Théo se retint visiblement de soupirer.

- Non, je dors mal et pas beaucoup. Mais je n'ai pas envie d'en parler. Ça va passer, de toute façon. C'est toujours comme ça, à une semaine de la rentrée.

Severus fronça les sourcils.

- Vous êtes en train de me dire que c'est à cause de la rentrée que votre sommeil est perturbé ?

- Je n'ai pas dit ça. Professeur... je ne veux vraiment pas en parler.

Severus regarda longuement Théo. Il le suppliait littéralement du regard de ne pas insister. Il décida de laisser tomber pour le moment. Enfin... pas tant que ça, en réalité.
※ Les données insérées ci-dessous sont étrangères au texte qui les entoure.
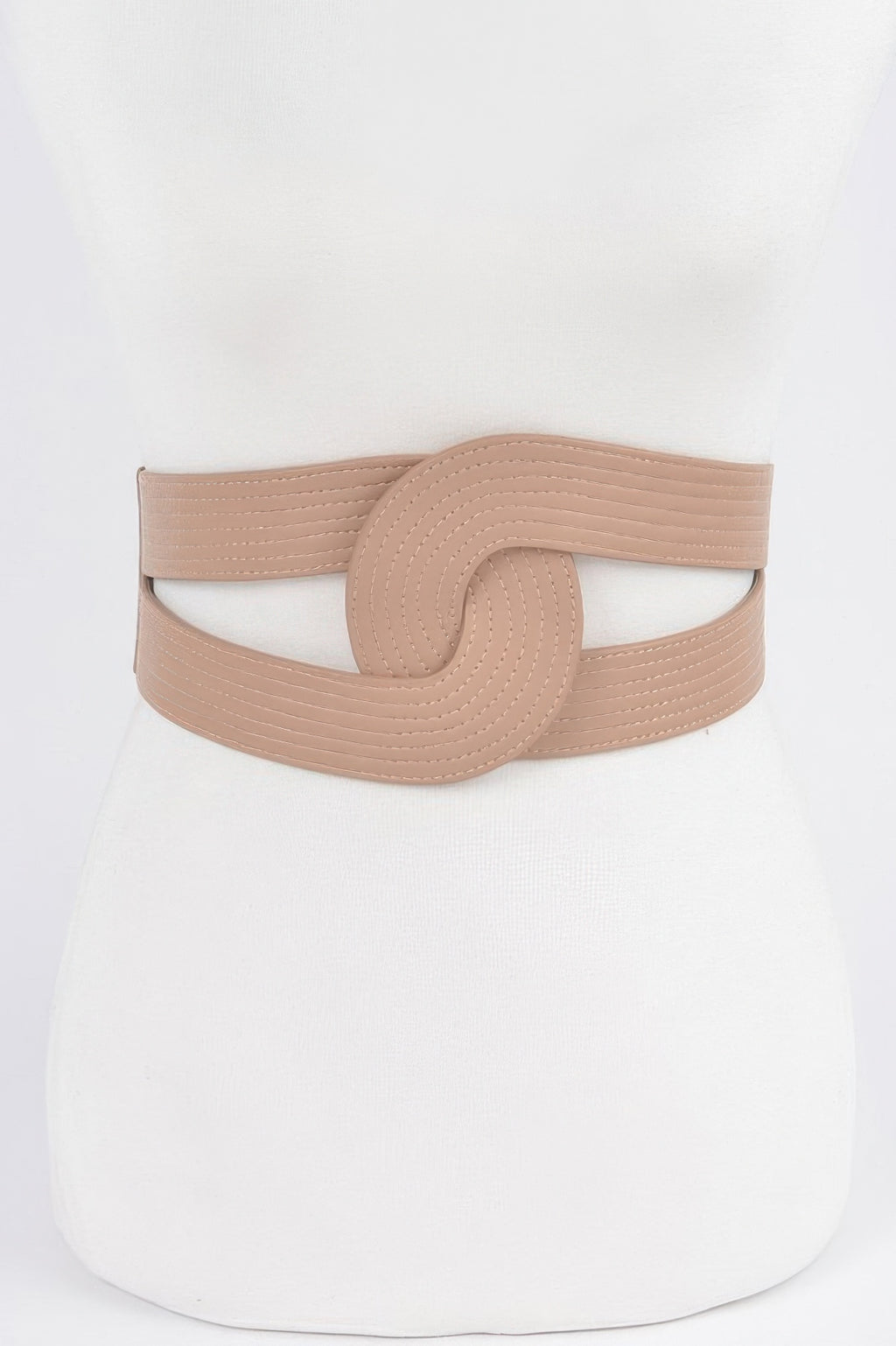Nude faux leather elastic belt with circular center buckle, textured band, one size.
- Comme vous voulez. De toute façon je le saurai si, en pleine nuit, vous ne vous sentez pas bien.

- Pardon ? demanda Théo, perplexe.

- J'ai amené un objet qui va me permettre de savoir quand vous aurez besoin de moi.
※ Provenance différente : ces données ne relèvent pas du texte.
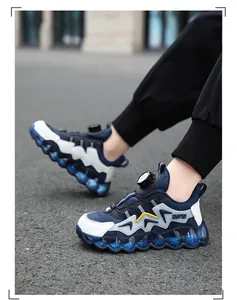 Detail view of kids waterproof sneakers featuring a rotation buckle and blue wavy sole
Severus sortit de son sac l'objet qu'il cherchait le matin-même avant de se rendre à Poudlard.

- Cet objet sert à détecter le moindre signe de détresse. Bon, il faut quand-même que ce soit sérieux pour qu'il réagisse. Si vous éternuez ou si vous vous cognez le petit doigt de pied contre un meuble, cela ne fera pas réagir l'émetteur. En revanche, si vous vous cassez quelque chose, si vous êtes vraiment malade ou si vous êtes en pleine panique, là, l'émetteur réagira. Il transmettra l'information au récepteur qui sera en ma possession. Je pourrai ainsi venir vous voir dans les plus brefs délais.
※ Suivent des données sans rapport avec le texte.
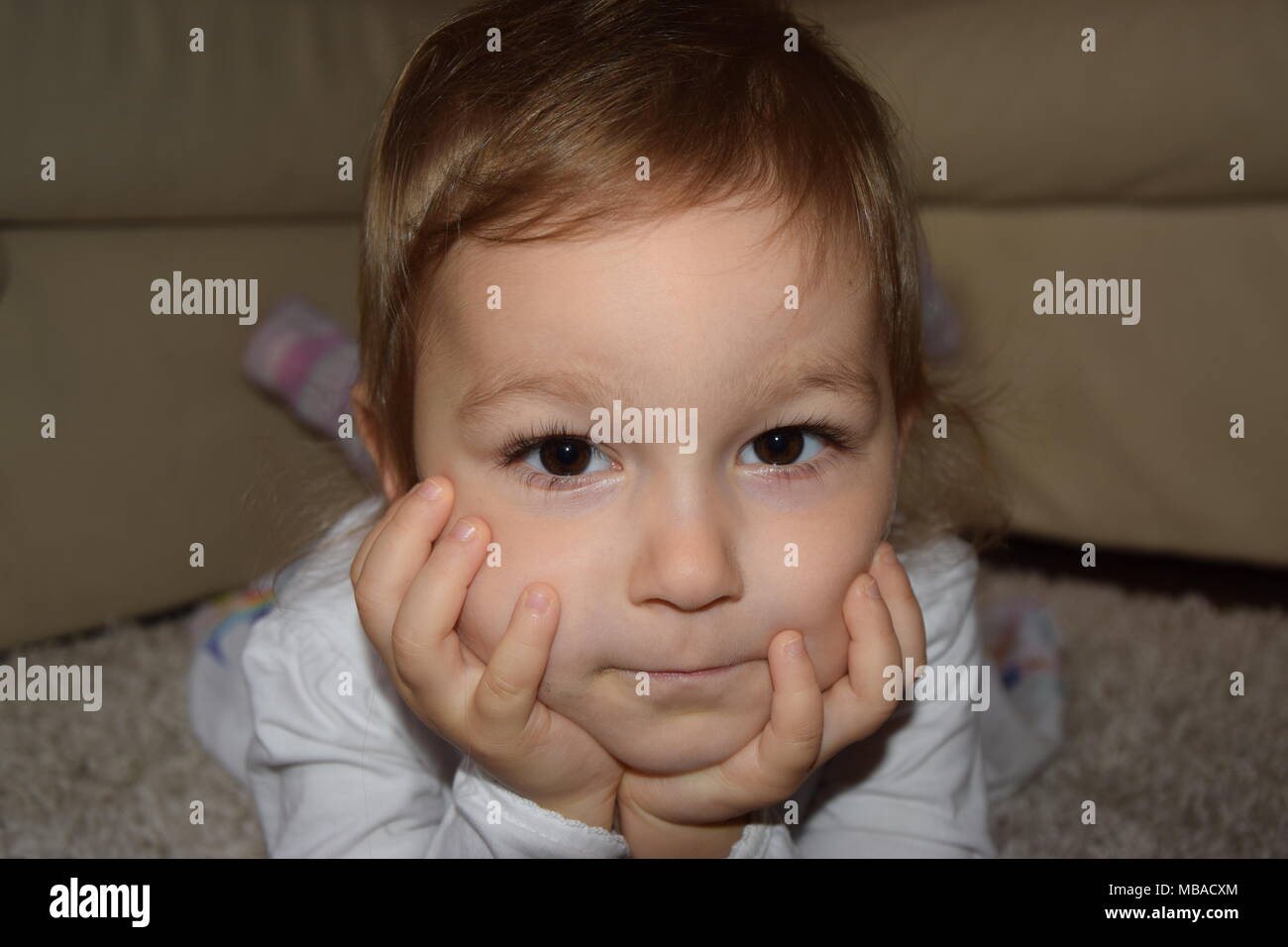 the little girl is lying on the carpet Stock Photo - Alamy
- Mais... non ! Il en est hors de question ! s'écria Théo. Je vous ai déjà assez gâché l'été comme ça, je ne vais pas en plus gâcher votre dernière semaine de vacances ! Je n'ai pas besoin de cet objet, de toute façon. Je vous ai promis de vous le dire si ça ne va pas.

- Certes mais je ne viens que deux fois par semaine. Vous pouvez très bien tomber malade ou vous blesser sérieusement entre deux visites sans que je puisse le savoir. Avec cet objet, je le saurai.

- Mais je ne veux pas que vous soyez à ma botte ! Vous avez autre chose à faire ! Et puis je ne veux surtout pas vous déranger en pleine nuit si mon état fait réagir l'émetteur et le récepteur.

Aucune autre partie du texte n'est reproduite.